El arte del siglo XX comienza cuestionando la belleza como culminación de la obra, como aspiración del artista, como logro absoluto de sus intenciones y pretensiones. Luego, como consecuencia inevitable, cuestiona la vigencia de las normas en relación con la obra. En suma, parece que ya no hay necesidad de una estética y se debe y puede producir al margen de ella.

¿Es posible esto, como algunos artistas creyeron en su euforia creativa? ¿El arte puede desembarazarse de las normas y erigirse en el espacio soberano de una libertad absoluta? ¿El artista puede hacer todo lo que piensa y desea sin sujetarse a una normatividad cualquiera?

El arte tiene una indiscutible función social, pues se lo produce para los demás y no solo para uno mismo, y si constituye necesidad y satisfacción para quien lo realiza es, entre otras cosas, porque lo entrega a los demás, es decir a la comunidad de la que forma parte. Como la sociedad posee y establece valores, el arte no puede desentenderse de ellos.

Se entiende el cuestionamiento de la belleza como máxima aspiración de la obra y punto culminante de una estética –la griega, la renacentista, etcétera–. Pero, en verdad la griega fue una apreciación estética con vigencia en esa cultura y no necesariamente en otras, la medieval, por ejemplo. Quiero decir que una cosa es pensar la estética como disciplina normativa y otra, muy distinta es pensar que solo exista una dirección en ella.

Crear es aplicar una normatividad, cualquiera que esta sea. Porque no hay obra alguna sin un orden interno y externo. Ese orden existe aun en los casos en que no es visible y predomine la apariencia del desorden. Lo otro es el caos, la gratuidad, la inexistencia de la obra, la negación del arte.

No hay, pues, la ansiada libertad absoluta en la realización artística. Lo que hay es el rechazo a cierto tipo de normatividad que impulsa al artista a trabajar la forma y el contenido materia de su expresión y comunicación de modo diferente a las que en un momento dado rigen.

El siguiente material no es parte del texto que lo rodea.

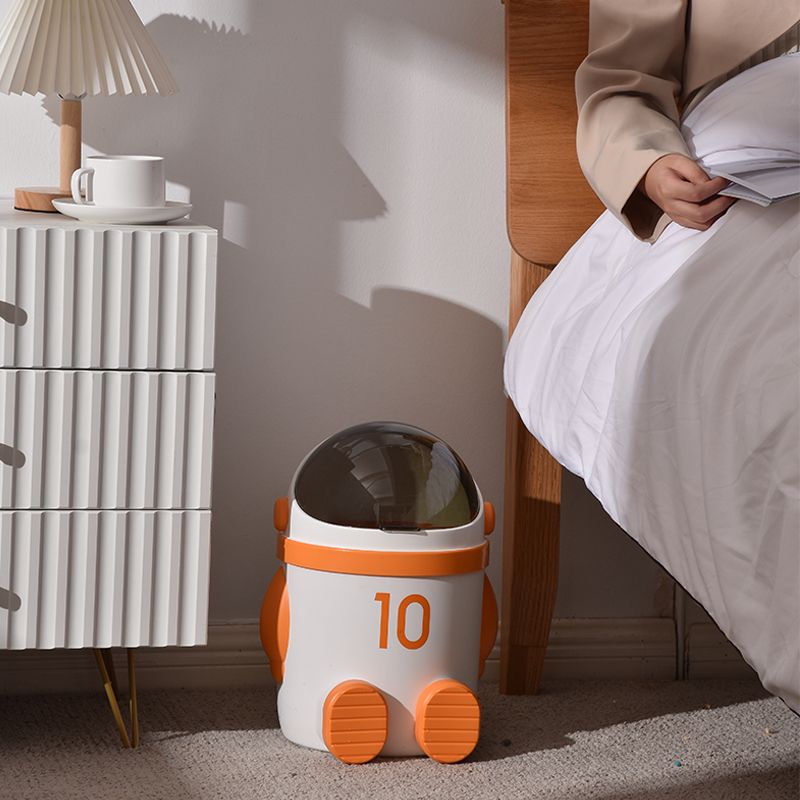 Mini Astronaut Shape Cute Office Trash Can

El arte no está contra la estética sino contra una estética determinada, y más contra unas normas que, en algún caso, el artista desestima por razones de busca o de experiencias propias. Estamos en el reino de los principios individuales en que cada cual hace su propia apuesta. Estas no siempre son felices. Más de una vez concluyen siendo actos fallidos.